Does Everett McKinney Survive the Season 1 Finale of ‘Dutton Ranch’? Here’s What Happens
The Season 1 finale of ‘Dutton Ranch,’ titled “El Padrino,” put nearly every character through the wringer, but Everett McKinney made it out alive. The character, played by Ed Harris, actually became something of an unlikely action hero in the episode’s climax. With Everett’s help, Rip and his ranch hands successfully defended the ranch from Mariano’s men during the finale’s tense shootout.
One recap even called Everett the “MVP” of the shootout, noting the irony that he’d just learned he was going to be killing men that same night. Given that Everett is a Vietnam War Navy veteran, the sequence gave the veterinarian a surprising new dimension beyond his usual role tending to sick cattle and quietly nursing old wounds.
The Character Who Didn’t Make It Out Alive
While Everett survived, the finale wasn’t without a major casualty. Dutton Ranch ended with violence and tragedy, and the smart money going into the episode was on Rip killing Rob-Will, played by Jai Courtney. Instead, the death came from within the Jackson family itself.
In the finale, viewers learn that Beulah’s 10 Petal Ranch has been smuggling drugs inside cattle from Mexico for at least fifteen years, a deal she made to escape financial trouble years earlier, and it’s later revealed that Mariano holds serious leverage over Beulah since she killed her rapist, who was also Rob Will’s biological father, when she was very young.
Rob-Will meets his end at the hands of Kino, delivering one last line about how the ranch “eats what it loves and keeps the bones” before he’s killed off.

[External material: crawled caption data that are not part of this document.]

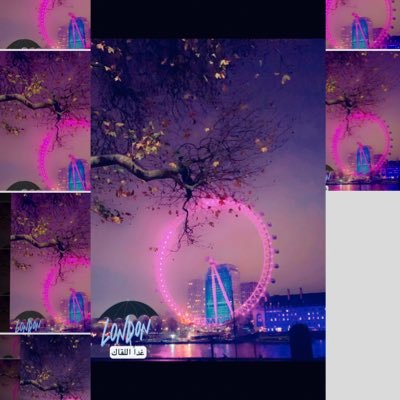 dr_khaled_sw's profile picture. 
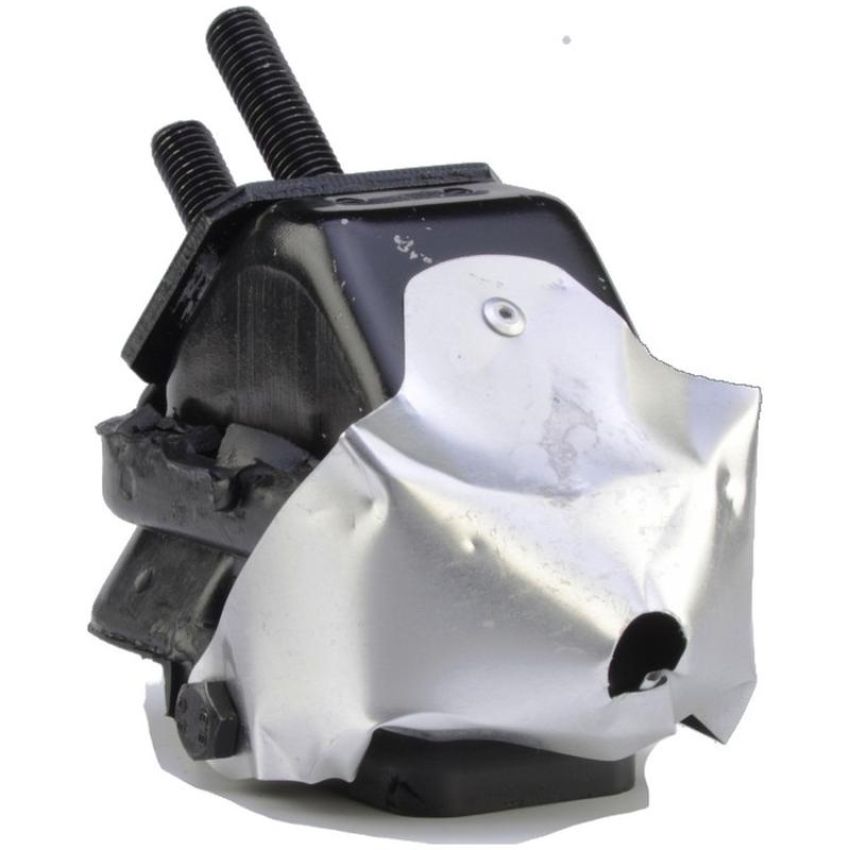 ANCHOR MOUNTS 3207 ENGINE MNT FRONT RIGHT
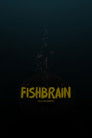 Fishbrain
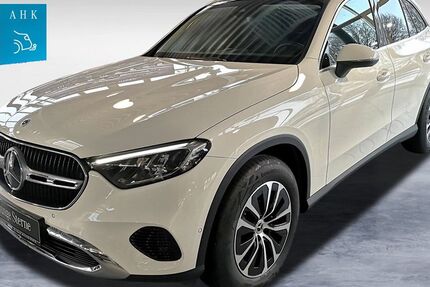 Mercedes-Benz GLC 220 19.653 km 50.485 &euro; Mönchengladbach 41238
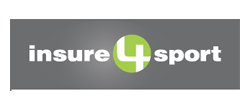 Insure4sport Discount Promo Codes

Everett’s Emotional Arc Adds Weight to the Finale
Everett’s survival matters even more given the emotional groundwork laid earlier in the season. Episode 4 revealed that Everett has spent years hiding the tragedy of losing his son, Levi, a wound he confided about to Beulah during an emotional conversation. That backstory turned Everett into one of the show’s most quietly devastating characters, and it’s part of why fans have grown so attached to him.
In one especially telling finale moment, Beth asked Everett if he ever gets the feeling that the world is going to open up and swallow everything he loves, while cleaning blood off their patio. It’s a small exchange, but it speaks to how deeply Everett has been folded into the Dutton family’s orbit despite being an outsider to their world of chaos.
The finale also revealed that Beulah confessed her past to her lover Everett, including the traumatic story of Rob-Will’s conception, and told Everett, Beth, and Rip the truth about her fentanyl smuggling ties to Joaquin’s father, Mariano. That confession puts Everett in an emotionally complicated position going into Season 2, now that he knows exactly what kind of family he’s fallen in with.
What’s Next for Everett in ‘Dutton Ranch’ Season 2
The good news for fans of Ed Harris’s performance is that Everett isn’t just surviving, he’s about to become far more central to the story. Reilly and Hauser told TV Insider that Season 2 is going to feature a lot more of Harris, with Beth, Rip, Beulah, and Everett all sharing equal importance in the story as they work together to save Beth and Rip’s son.
Reilly even said she thinks Season 2 will feel much more like Ed’s show, adding that Dutton Ranch has four, maybe five lead characters now, and that Annette Bening and Ed Harris made the series feel legitimate rather than just a “soapy spinoff.” That’s a massive vote of confidence for a character who started the season as a quiet small town veterinarian.
Season 2 is currently in preproduction with new showrunner Benjamin Cavell taking over, and a release sometime in 2027 or possibly 2028 is considered likely. Whatever the timeline, Everett’s expanded role means his grief over Levi, his romance with Beulah, and his newfound willingness to pick up a gun for the Duttons are all going to matter a lot more before this story is done.
So Everett McKinney is safe for now, but with a cartel out for blood and Carter still missing, do you think his tire swing memories of Levi are setting him up for even more heartbreak in Season 2?